→ RECORDED DATA:

____________

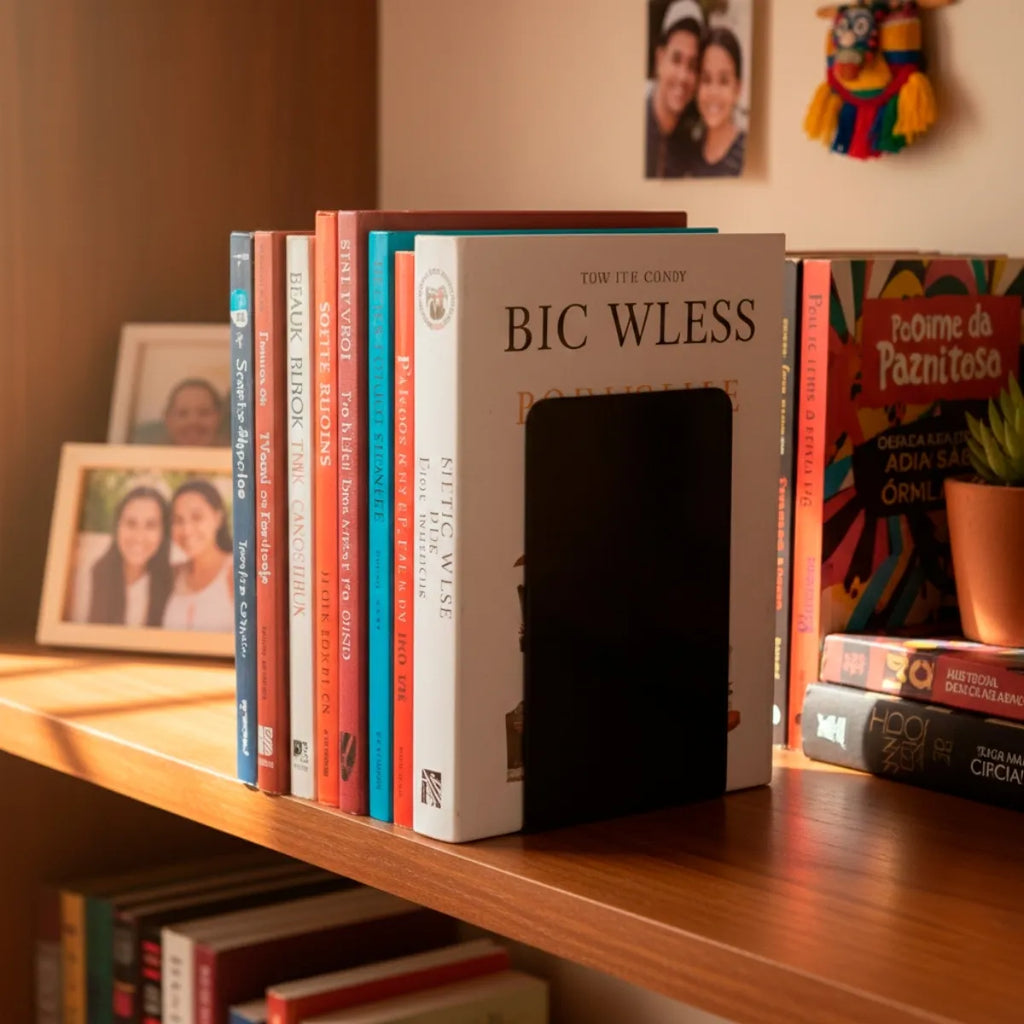 Aparador Porta Livros Suporte Bibliocanto Acrilico Par 2 Un Preto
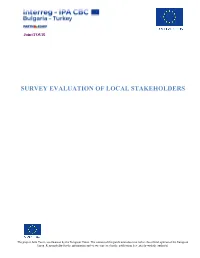 Survey Evaluation of Local Stakeholders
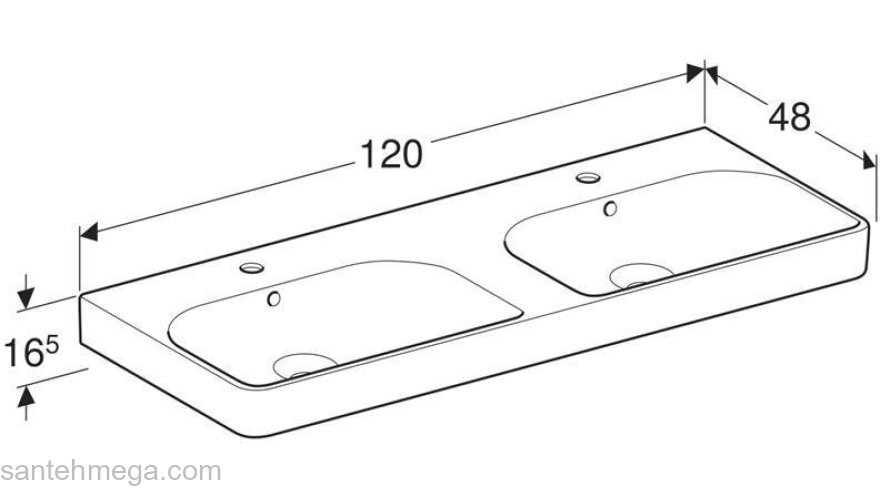 Раковина двойная GEBERIT Smyle Square 120х48 500.223.01.1. Фото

____________

→ INSTRUCTIONS FOR THE TASK:
A faithful copy of all the lines above is needed, with the pictures omitted.

→ RESULT BELOW:
 Aparador Porta Livros Suporte Bibliocanto Acrilico Par 2 Un Preto
 Survey Evaluation of Local Stakeholders
 Раковина двойная GEBERIT Smyle Square 120х48 500.223.01.1. Фото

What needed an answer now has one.